▸ Column · Star Wars — a freight docking crew on a spaceport, send-off credit-pools and a quartermaster's polite arm-twisting
HAN SOLO replies.
Replied to by Han Solo, with a rebuttal from Captain America.
The letter
A deckhand named Priya is leaving our docking crew for a rival outfit after eight months — she told the dock boss flat out the work wasn't for her, and gave her notice the morning she got back from a leave we'd all chipped in to cover. Now the station quartermaster, Deborah, has pinged me by name to "spearhead" the send-off pool, because my bunk's closest to Priya's old slot. Suggested chip-in is twenty credits, which puts the pot near two-forty. I've got nothing against Priya, but this is the third send-off pool I've been voluntold to run in six months, and every time I put in less than the full freight, Deborah hits me with a very pointed "oh, no pressure at all" that feels like the exact opposite. Is there a clean way to hand the collection duty to literally anyone else without it turning into A Thing — or am I just the permanent farewell-pool guy now because of where facilities welded my bunk?
Han Solo replies
Kid, your first mistake is thinking this is about the card. It's never about the card. Deborah found herself a reliable mark because facilities parked your bunk in the wrong spot, and now she's working you with the oldest tool there is — politeness. That "no pressure" routine? Watch the hands, not the mouth. Anybody who has to tell you there's no pressure is reaching into your pocket while they say it.
Look, I know debts. I owe a Hutt who put a bounty on my head — that's a real one, the kind that comes collecting whether you like it or not. This isn't that. This is somebody manufacturing a debt out of thin air and a sad little smile. You don't owe three send-off pools because of welding.

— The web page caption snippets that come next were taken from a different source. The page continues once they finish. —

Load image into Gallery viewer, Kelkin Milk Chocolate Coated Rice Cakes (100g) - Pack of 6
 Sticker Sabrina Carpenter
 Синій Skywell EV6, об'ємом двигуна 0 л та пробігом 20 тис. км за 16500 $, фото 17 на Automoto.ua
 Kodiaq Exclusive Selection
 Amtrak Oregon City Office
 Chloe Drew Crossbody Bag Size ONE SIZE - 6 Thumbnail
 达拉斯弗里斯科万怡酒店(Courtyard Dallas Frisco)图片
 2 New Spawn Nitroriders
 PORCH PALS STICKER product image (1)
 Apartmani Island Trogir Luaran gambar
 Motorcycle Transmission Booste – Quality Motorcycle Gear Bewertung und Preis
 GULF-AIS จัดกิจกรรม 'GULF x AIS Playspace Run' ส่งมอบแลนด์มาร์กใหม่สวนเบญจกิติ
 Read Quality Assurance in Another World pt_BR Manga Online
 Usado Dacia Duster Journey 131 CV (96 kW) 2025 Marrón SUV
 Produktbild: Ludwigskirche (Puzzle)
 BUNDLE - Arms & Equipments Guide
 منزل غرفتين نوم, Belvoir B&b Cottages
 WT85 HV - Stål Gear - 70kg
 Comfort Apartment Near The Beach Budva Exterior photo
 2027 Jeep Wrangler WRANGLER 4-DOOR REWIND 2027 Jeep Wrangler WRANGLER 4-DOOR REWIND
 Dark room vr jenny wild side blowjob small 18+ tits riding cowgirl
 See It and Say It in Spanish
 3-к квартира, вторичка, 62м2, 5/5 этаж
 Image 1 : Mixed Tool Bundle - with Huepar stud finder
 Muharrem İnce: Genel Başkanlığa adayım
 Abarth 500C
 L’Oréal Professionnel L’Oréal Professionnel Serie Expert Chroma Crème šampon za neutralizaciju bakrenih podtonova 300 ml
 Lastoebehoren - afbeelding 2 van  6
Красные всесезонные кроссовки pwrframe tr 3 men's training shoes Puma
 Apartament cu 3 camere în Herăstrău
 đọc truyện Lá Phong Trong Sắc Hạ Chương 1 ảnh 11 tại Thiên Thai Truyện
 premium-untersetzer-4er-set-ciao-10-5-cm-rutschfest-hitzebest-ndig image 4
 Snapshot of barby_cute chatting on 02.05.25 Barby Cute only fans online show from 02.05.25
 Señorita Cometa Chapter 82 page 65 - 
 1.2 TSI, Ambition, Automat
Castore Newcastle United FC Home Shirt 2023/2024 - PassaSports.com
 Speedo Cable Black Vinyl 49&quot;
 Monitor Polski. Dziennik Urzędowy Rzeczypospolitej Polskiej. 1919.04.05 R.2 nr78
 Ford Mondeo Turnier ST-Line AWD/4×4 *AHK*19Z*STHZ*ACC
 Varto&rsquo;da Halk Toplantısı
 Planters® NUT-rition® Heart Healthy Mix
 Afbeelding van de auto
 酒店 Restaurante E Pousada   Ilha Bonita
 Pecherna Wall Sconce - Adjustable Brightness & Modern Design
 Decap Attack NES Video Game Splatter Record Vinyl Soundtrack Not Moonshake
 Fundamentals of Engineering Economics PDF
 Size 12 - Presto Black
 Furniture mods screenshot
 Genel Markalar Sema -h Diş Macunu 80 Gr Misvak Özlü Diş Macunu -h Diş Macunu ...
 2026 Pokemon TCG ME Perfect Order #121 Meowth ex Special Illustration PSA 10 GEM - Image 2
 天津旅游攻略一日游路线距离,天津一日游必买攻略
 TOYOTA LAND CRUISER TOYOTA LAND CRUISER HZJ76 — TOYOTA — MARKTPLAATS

Now, your actual question — a clean way to hand it off that won't become A Thing? There isn't one. A Thing is the price, and it's cheap. Slide the collection pad to the next bunk, drop your twenty if you actually liked Priya, and when Deborah does her "oh, totally fine" number — smile and let it sit there. Don't fill the silence. You'll be amazed what people do when you stop flinching.
— Han Solo
Captain America weighs in
Solo's half right and dressing it up as smart, the way he does. But don't take it out on Priya — she's not the one leaning on you. Deborah is, and let's call it what it is: a bully with good manners. Politeness used as a crowbar is still a crowbar.
So plant your feet and say it to her face, plain: "I've run the last three. Time it went to somebody else." Then do the part Han skipped — set up a rotation, so whoever inherits that bunk after you doesn't inherit the squeeze too. That's the difference between getting yourself off the hook and fixing the hook. Do both.